Hey guys thanks for lettin me crash at your place for the weekend, I had a great time. PS I got three quarters of a hand job from an asian on the dance floor last night. True story.
I almost didn't recognize her with a shirt on.
she burped and cried multiple times. it was like i was getting head from a baby.
My roommate still talks on AIM. What is this middle school?
Went to my car this morning. Found a waffle from Waffle House in the front seat. No idea how it got there. So hung over I ate it.
He kept saying it was because he was allergic to the chicken. Then he threw up on my mom.
I just undressed him with my eyes. And gave him a 10 inch penis. I hope its true.
You slept with a red coat way too close to independence day. It's just very unpatriotic.
If we both finish he brings me a beer and cookies, if only he finishes I get wine and cheesecake. I think I'm in love.
when your 30 and im 37 and we're lonely and single, lets make a pact to murder each other.
I woke up on top of his counter next to a pot of boiling water and an empty package of ramen... what happened to the ramen, we will never know.

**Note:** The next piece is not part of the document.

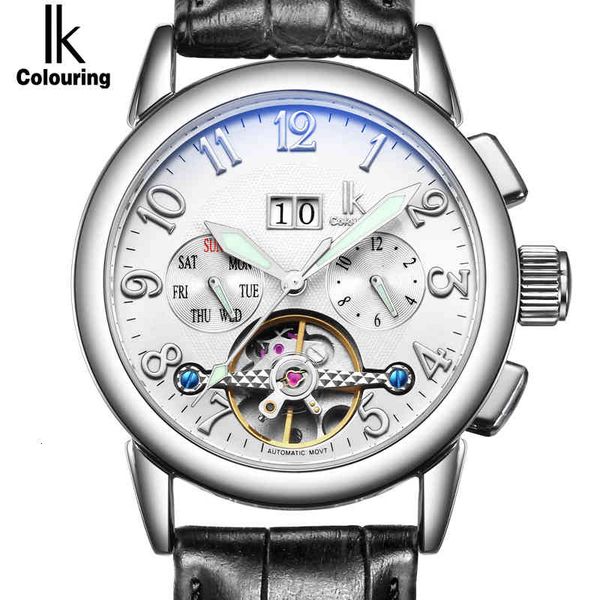luxury i week day date gentlemen watch automatic mechanical leather band skeleton sports military hombre, Slivery;brown
luxury i week day date gentlemen watch automatic mechanical leather band skeleton sports military hombre, Slivery;brown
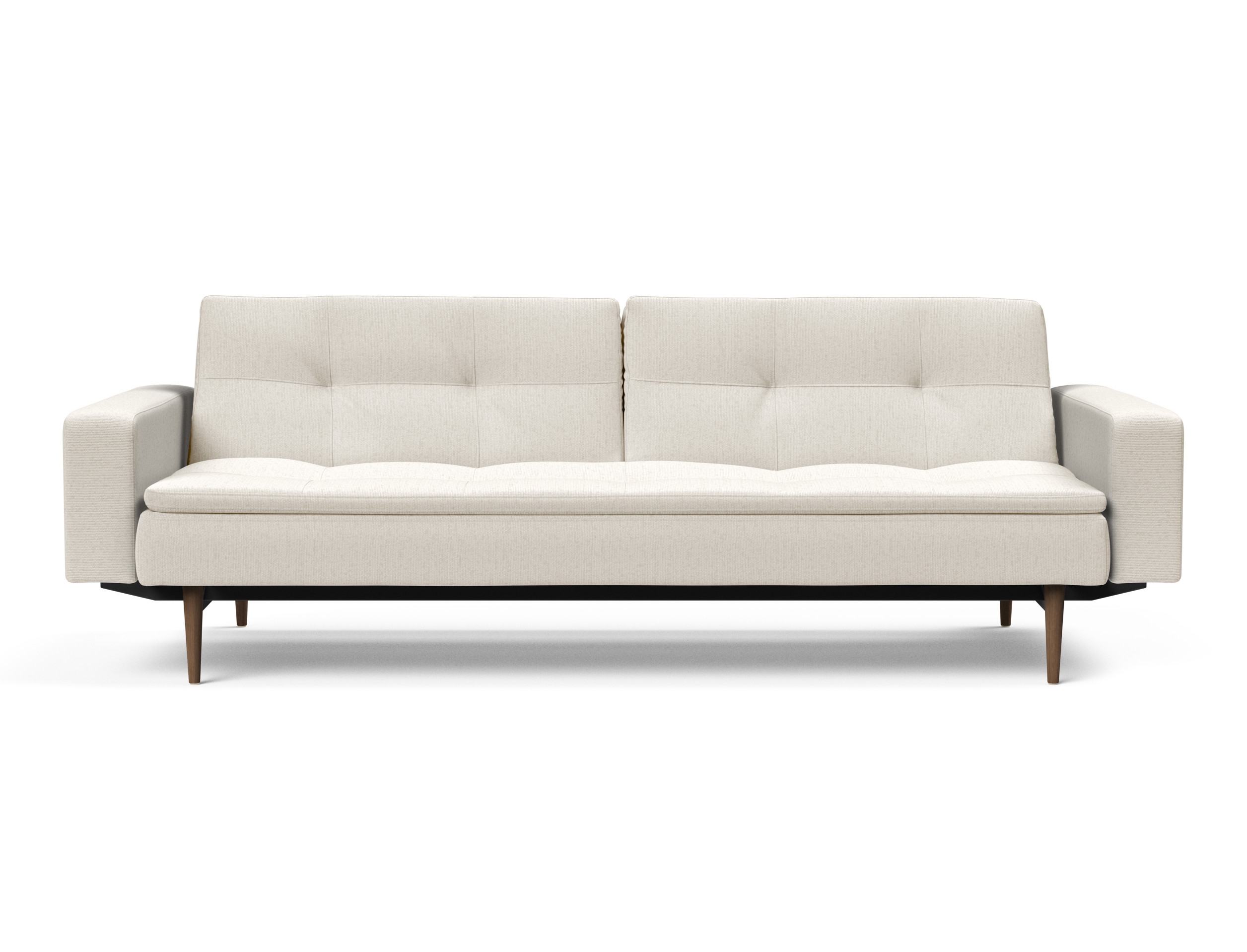 Dublexo Deluxe Fabric Sofa Bed w/Arms & Dark Wood Styletto Legs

I'm convinced that the Christmas lights in my room contributed to the great sex.
I rubbed his back while he puked for an hour and then ended up getting laid when I tried to put him to bed, best puke and rally I've ever seen.
I DID MY EXPERIMENTING. FOUR YEARS OF IT. IN HIGH SCHOOL.
How hard do you think it would be to make a drinking game out of a Slip-N-Slide? Asking for a friend.